▶ **Information shown**:
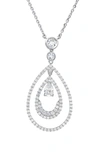 Crislu X Andrew Prince Pear-shaped Double Loop Pendant Necklace In Platinum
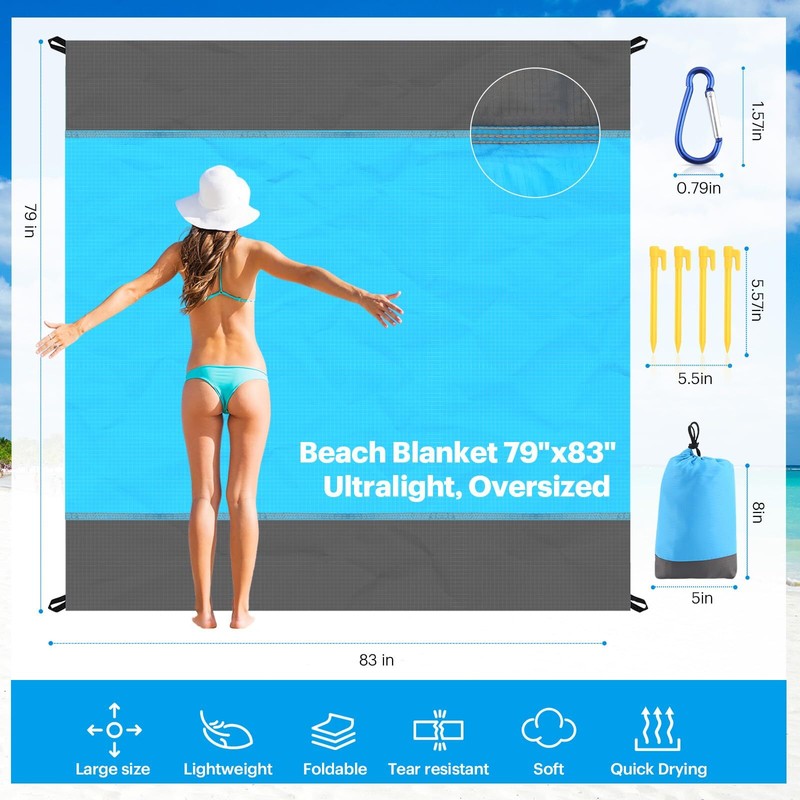 Beach Blanket Sandproof Oversized 79''—83'' Extra Large Beach Mat Portable Picni gallery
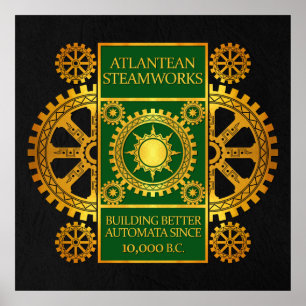 Poster Atlantean Steamworks - Gold & Green on Black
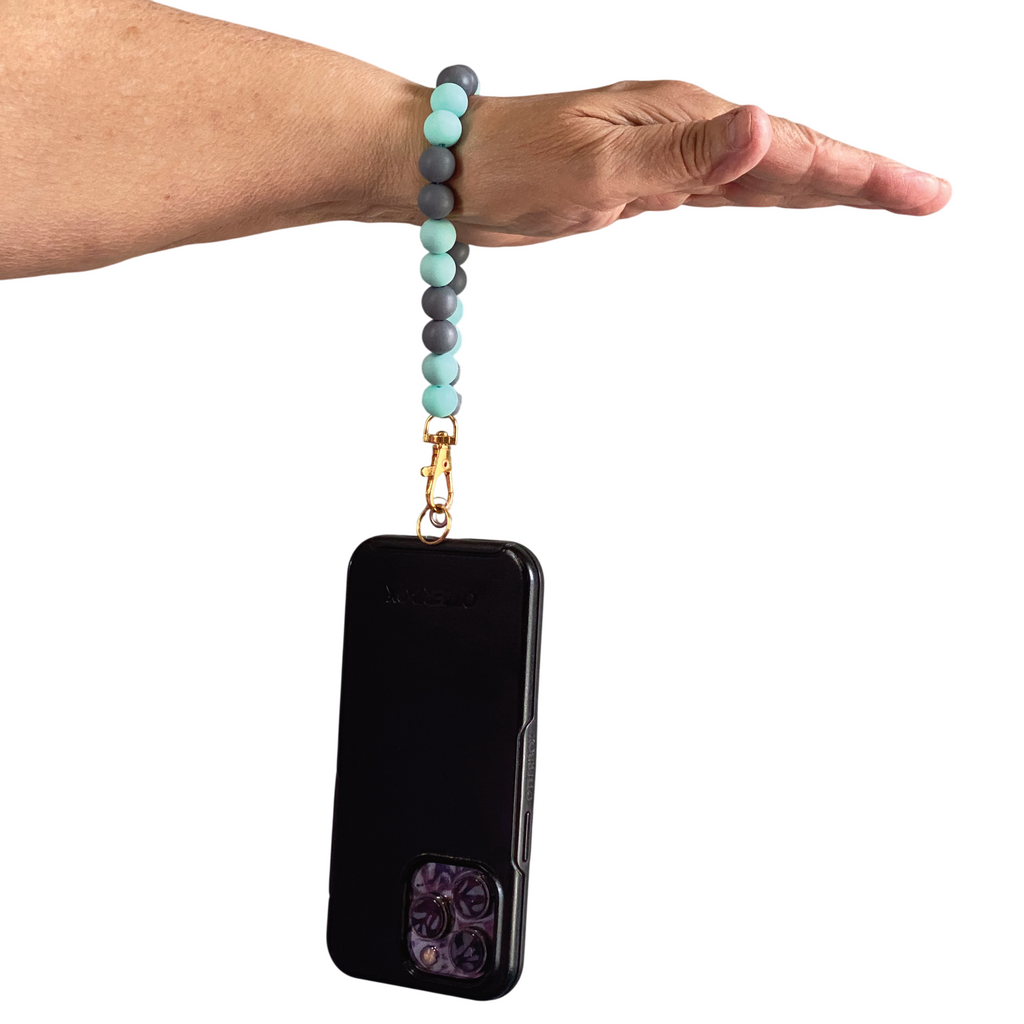 Aqua Navy Blue Silicone Phone Strap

▶ **Description of the task**:
Please restate word for word each line from the one containing "Beach Blanket Sandproof" to the end of the data above, without the pictures.

▶ **Result of the task**:
 Beach Blanket Sandproof Oversized 79''—83'' Extra Large Beach Mat Portable Picni gallery
 Poster Atlantean Steamworks - Gold & Green on Black
 Aqua Navy Blue Silicone Phone Strap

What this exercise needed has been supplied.